* **WORK TASK**
All records are to be reproduced verbatim, with images omitted.

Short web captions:
--------------------------------------------------

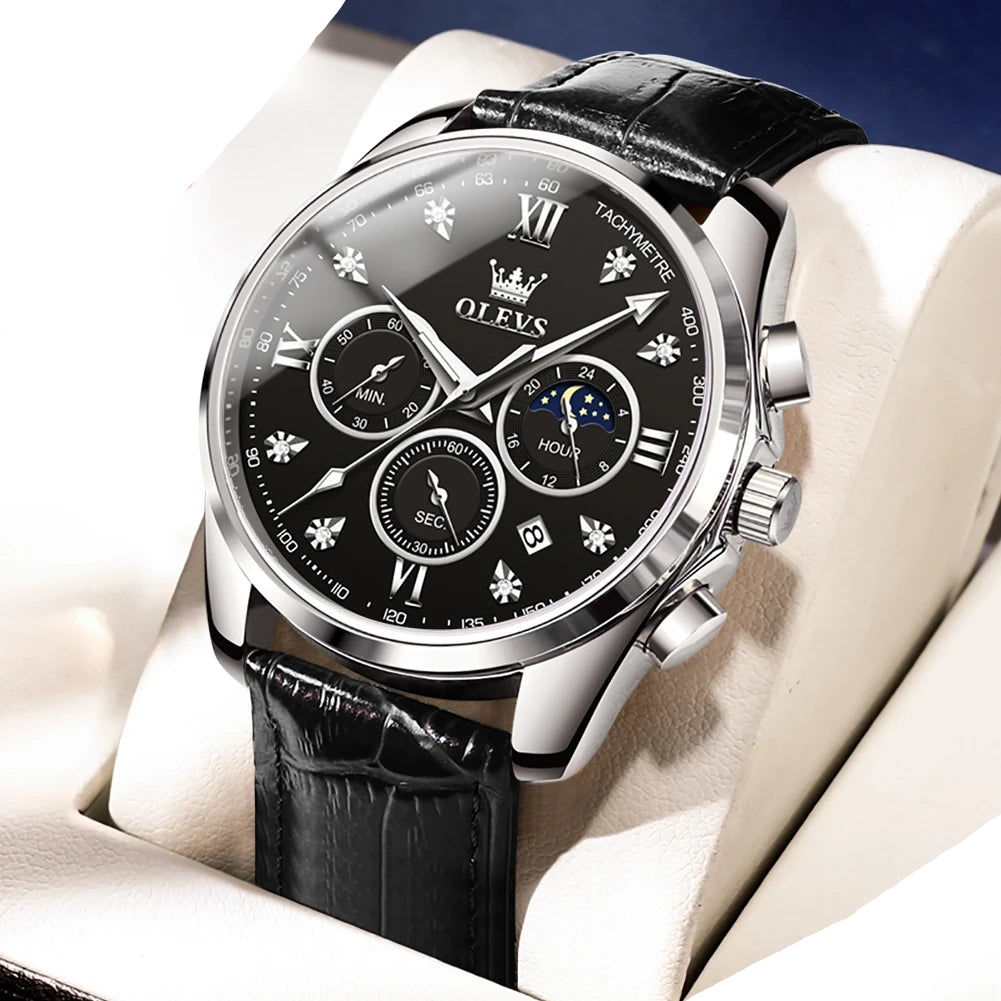 Quartz Watch - Stylish Luminous Moon Phase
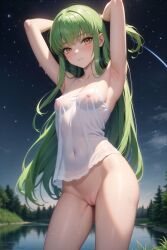 ai_generated armpits bangs c.c. code_geass curvy female green_hair nervous stable_diffusion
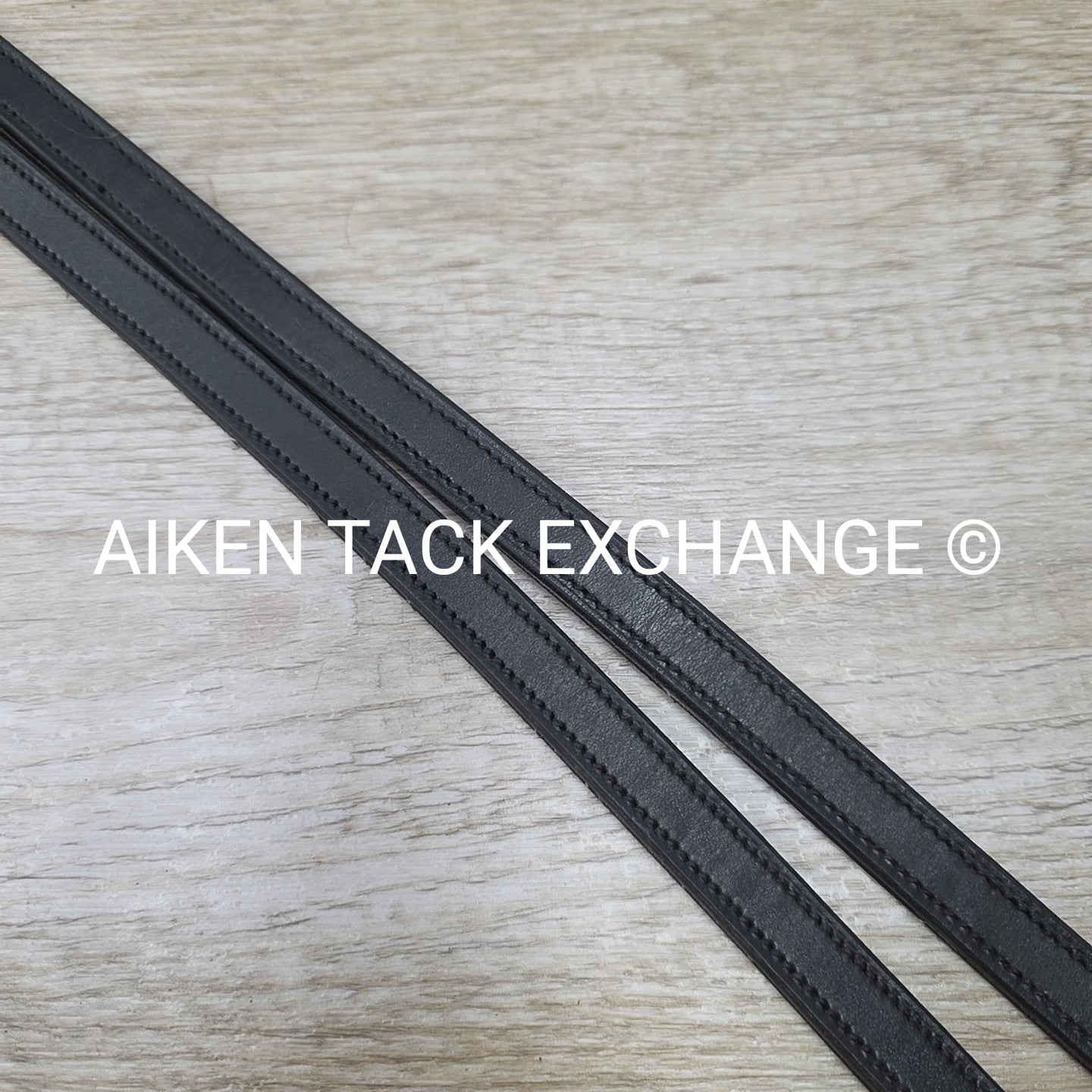 Rubber Lined Reins, Black, Full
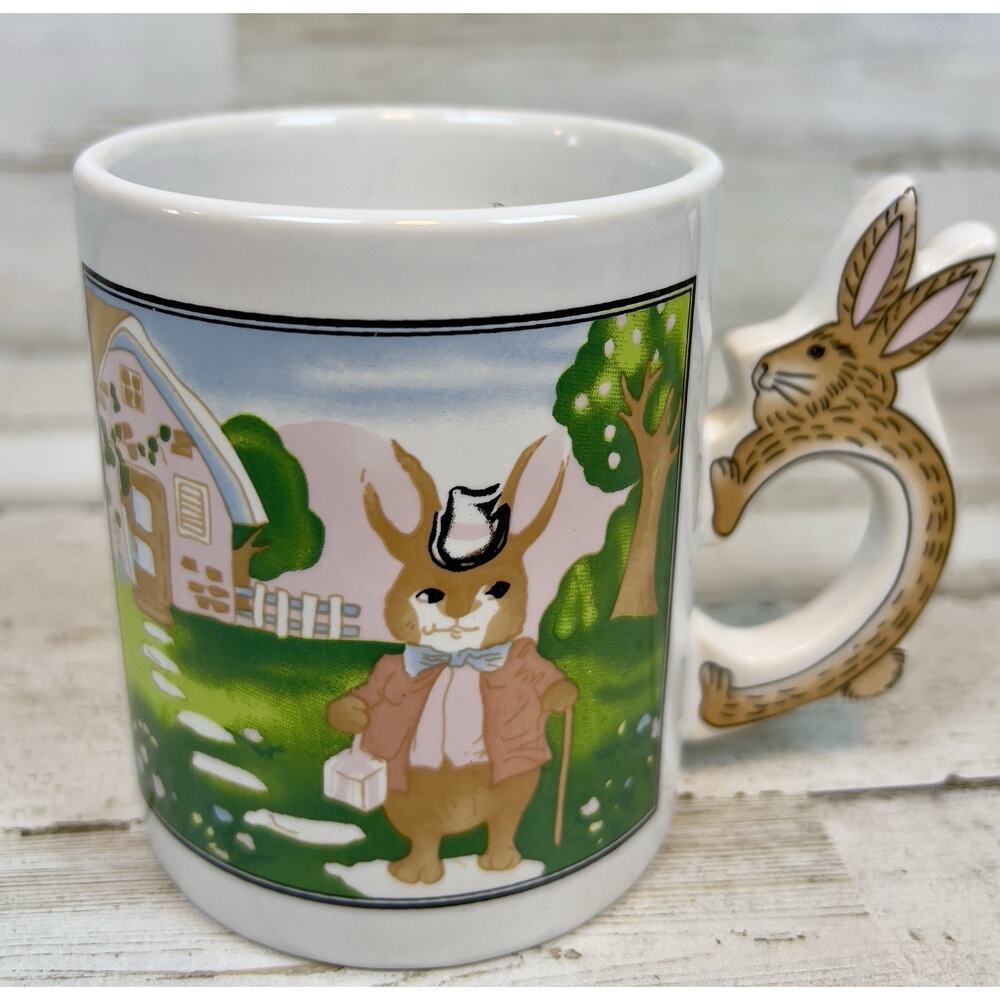Vintage Peter Rabbit Coffee Mugs Set of 4 Artmark Bunny Handles Beatrix Potter - Picture 3 of 9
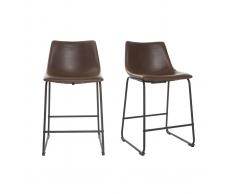 Sgabello da bar vintage PU marrone 61cm gruppo di 2 NEW ROCK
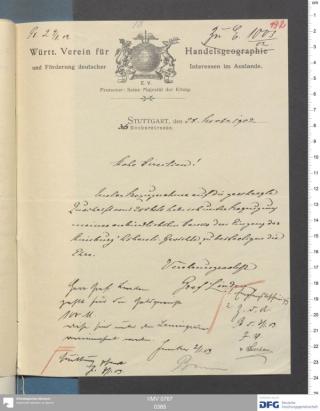 An archival document representing a Correspondence of 2 page(s)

--------------------------------------------------

* **ANSWER SECTION**
 Quartz Watch - Stylish Luminous Moon Phase
 ai_generated armpits bangs c.c. code_geass curvy female green_hair nervous stable_diffusion
 Rubber Lined Reins, Black, Full
Vintage Peter Rabbit Coffee Mugs Set of 4 Artmark Bunny Handles Beatrix Potter - Picture 3 of 9
 Sgabello da bar vintage PU marrone 61cm gruppo di 2 NEW ROCK
 An archival document representing a Correspondence of 2 page(s)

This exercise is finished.